Imprimer

Bertrand M-Batchi, 6è SG du CAMES | « Les diplômes de plus de 5 ans d’âge ne sont plus reconnus par le CAMES »

Écrit par Educ'Action on .

Bertrand M-Batchi - SG CAMESEnseignant de biologie et de physiologie végétale à l’université des Sciences et Techniques de Masuku au Gabon,  Bertrand M-Batchi, exerce les fonctions de Secrétaire Général du Conseil Africain et Malgache pour l’Enseignement Supérieur (CAMES) depuis août 2011. Rencontré lors des travaux de la 39ème session des Comités Consultatifs Interafricain (CCI), il livre les dernières nouvelles sur l’état de l’Enseignement Supérieur dans l’espace CAMES. Lisez plutôt !

Educ’Action : Comment se porte le CAMES ?

Bertrand M-Batchi : Le CAMES est dans une dynamique de progrès et d’amélioration qui exige beaucoup de travail, beaucoup d’effort, beaucoup d’attachement et beaucoup de sacrifice.

Quels sont les défis que le CAMES doit relever ?

Le premier défi est celui de l’excellence et de la qualité parce que la non-qualité coûte très chère. Comme l’a dit Abraham Lincoln, si vous pensez que l’éducation coûte chère, essayez l’ignorance. C’est cela la grande préoccupation qui est la nôtre.


Vous avez annoncé une série de réformes à cet effet. Pouvez-vous nous donnez d’amples explications ?

Un plan stratégique de développement du CAMES a été mis en place pour fixer une ligne de conduite dans les activités de l’Institution.Toutes ces réformes participent à la qualité et à la compétitivité du CAMES. Vous n’êtes pas sans savoir que le monde d’aujourd’hui et celui de demain sera axé sur l’utilisation du digital et du numérique, et il faudrait que le CAMES fasse le pas. Il faudrait que ceux qui ont été promus dans le contexte du XXè siècle s’adaptent aux exigences du XXIè siècle. Nous devons mettre en place des référentiels qui puissent agir sur les critères d’évaluation des enseignants-chercheurs et chercheurs et les pousser à se mettre à niveau en allant vers le numérique pour leur propre intérêt. Le programme ‘’Silhouette CAMES’’ a été créé pour cela. Ainsi, les enseignants qui veulent être promus sont obligés de s’inscrire sur une plateforme afin de les emmener à s’intéresser au numérique. Les experts du CAMES sont aussi obligés d’utiliser la plateforme numérique pour faire le traitement des dossiers. L’usage du numérique est aussi une occasion de permettre un partage entre les générations, car, les jeunes enseignants pourront accompagner leurs aînés qui ont des difficultés. Outre cet aspect promotion en grade, on veut aussi promouvoir le numérique pédagogique. Il faut utiliser les nouveaux outils pour rentabiliser le faible temps qu’on accorde aux enseignants pour dispenser les cours. En effet, dans le LMD, il y a une grande partie du temps de travail qui est réservée à l’apprentissage de l’étudiant.
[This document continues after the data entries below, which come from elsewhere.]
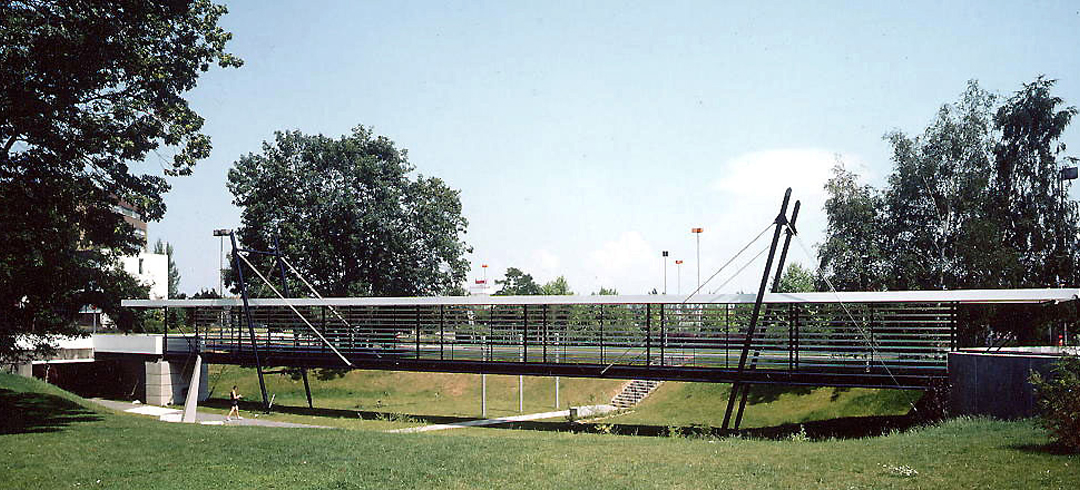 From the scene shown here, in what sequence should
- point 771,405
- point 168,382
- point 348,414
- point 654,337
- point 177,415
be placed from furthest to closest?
point 168,382 < point 348,414 < point 177,415 < point 771,405 < point 654,337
Dites-nous comment se fait la reconnaissance des diplômes au niveau du CAMES ?

Avant qu’on entre dans le LMD, le CAMES disposait déjà d’un programme de reconnaissance et d’équivalence des diplômes qui garantit la mobilité des étudiants. Cette reconnaissance se fait sur la base d’un référentiel. Nous avons le référentiel des CCI qui permet la promotion des enseignants-chercheurs et chercheurs et nous avons le référentiel des programmes des concours d’agrégation. S’agissant des diplômes, c’est le référentiel PRED qui est utilisé et qui s’articule selon certains critères. La soumission d’un dossier au PRED-CAMES est subordonnée, au niveau national, par la reconnaissance de l’établissement et l’habilitation des diplômes, mais également la sortie préalable d’au moins une promotion de diplômés.Le référentiel prend en compte des aspects pédagogiques, administratifs, environnementaux, la qualité des enseignants, l’employabilité des étudiants, en lien avec la vie universitaire. Au-delà, il y a le programme Assurance Qualité du CAMES (PAQ-CAMES) qui permet au CAMES de jouer véritablement son rôle d’agence régionale d’assurance qualité et d’accréditation sur la base de nouveaux référentiels en phase avec les standards internationaux. Nous voulons que les universités soient dotées des cellules d’assurance qualité et pour cela, nous avons développé des guides et des outils qui peuvent les accompagner parce que l’assurance qualité relève d’abord de la responsabilité des institutions d’enseignement supérieur et de recherche. L’assurance qualité ne se décrète pas, elle se construit. La qualité d’un diplôme se pense, s’inscrit dans une vision et on l’accompagne. Nous accompagnons aussi les pays à avoir des agences nationales d’assurance qualité. Nous avons aussi développé un guide à cet effet. Cela permettra au ministère de tutelle de disposer de moyens et d’outils pour évaluer la qualité des enseignements qui se font dans ces établissements publics ou privés.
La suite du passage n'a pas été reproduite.